The one Constitutional office elected by all of the people is the presidency. So at minimum, we should expect a president to feel a sense of responsibility for the safety and welfare of all 330 million of us – regardless of what we look like, how we worship, who we love, how much money we have – or who we voted for.

But we should also expect a president to be the custodian of this democracy. We should expect that regardless of ego, ambition, or political beliefs, the president will preserve, protect, and defend the freedoms and ideals that so many Americans marched for and went to jail for; fought for and died for.

I have sat in the Oval Office with both of the men who are running for president. I never expected that my successor would embrace my vision or continue my policies. I did hope, for the sake of our country, that Donald Trump might show some interest in taking the job seriously; that he might come to feel the weight of the office and discover some reverence for the democracy that had been placed in his care.

But he never did. For close to four years now, he’s shown no interest in putting in the work; no interest in finding common ground; no interest in using the awesome power of his office to help anyone but himself and his friends; no interest in treating the presidency as anything but one more reality show that he can use to get the attention he craves.

Donald Trump hasn’t grown into the job because he can’t. And the consequences of that failure are severe. 170,000 Americans dead. Millions of jobs gone while those at the top take in more than ever. Our worst impulses unleashed, our proud reputation around the world badly diminished, and our democratic institutions threatened like never before.

Now, I know that in times as polarised as these, most of you have already made up your mind. But maybe you’re still not sure which candidate you’ll vote for – or whether you’ll vote at all. Maybe you’re tired of the direction we’re headed, but you can’t see a better path yet, or you just don’t know enough about the person who wants to lead us there.

So let me tell you about my friend Joe Biden.

Twelve years ago, when I began my search for a vice president, I didn’t know I’d end up finding a brother.
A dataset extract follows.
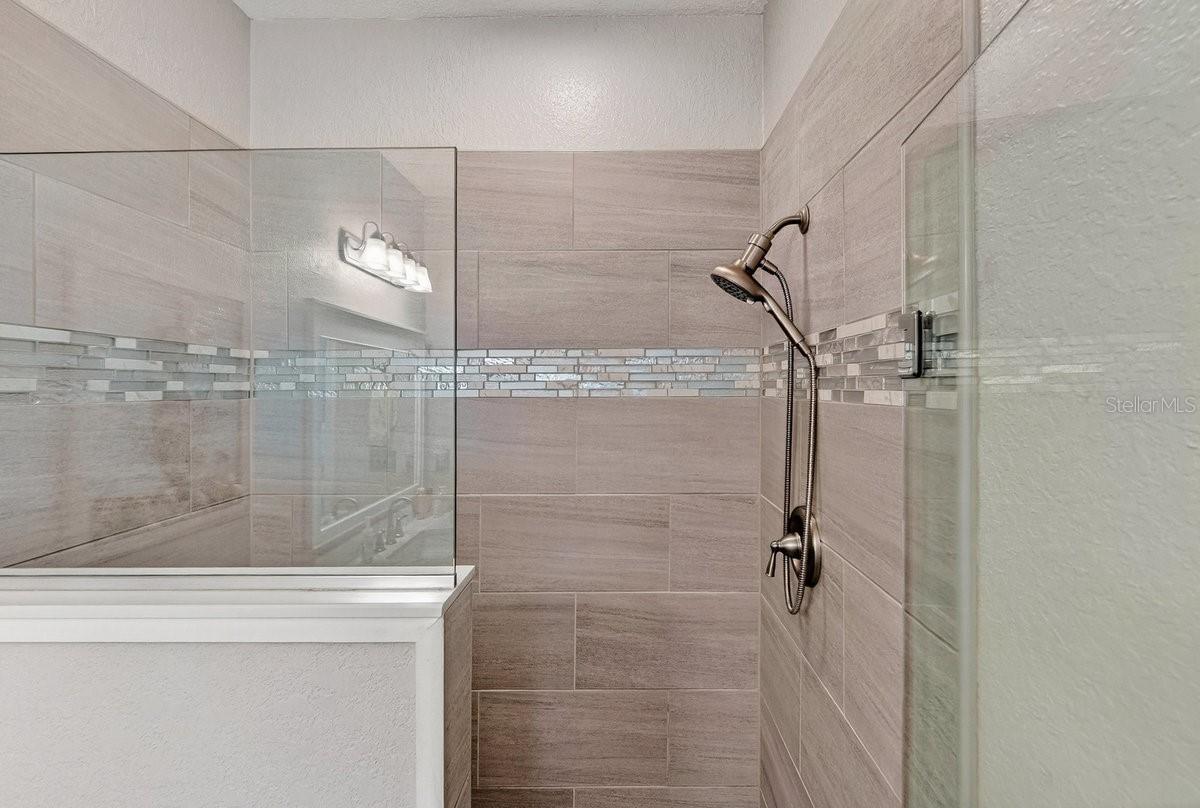 Image 20 of 46 For 830 Airport Road 701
Joe and I came from different places and different generations. But what I quickly came to admire about him is his resilience, born of too much struggle; his empathy, born of too much grief. Joe’s a man who learned – early on – to treat every person he meets with respect and dignity, living by the words his parents taught him: “No one’s better than you, Joe, but you’re better than nobody.”

That empathy, that decency, the belief that everybody counts – that’s who Joe is.

When he talks with someone who’s lost her job, Joe remembers the night his father sat him down to say that he’d lost his.

When Joe listens to a parent who’s trying to hold it all together right now, he does it as the single dad who took the train back to Wilmington each and every night so he could tuck his kids into bed.

When he meets with military families who’ve lost their hero, he does it as a kindred spirit; the parent of an American soldier; somebody whose faith has endured the hardest loss there is.

For eight years, Joe was the last one in the room whenever I faced a big decision. He made me a better president – and he’s got the character and the experience to make us a better country.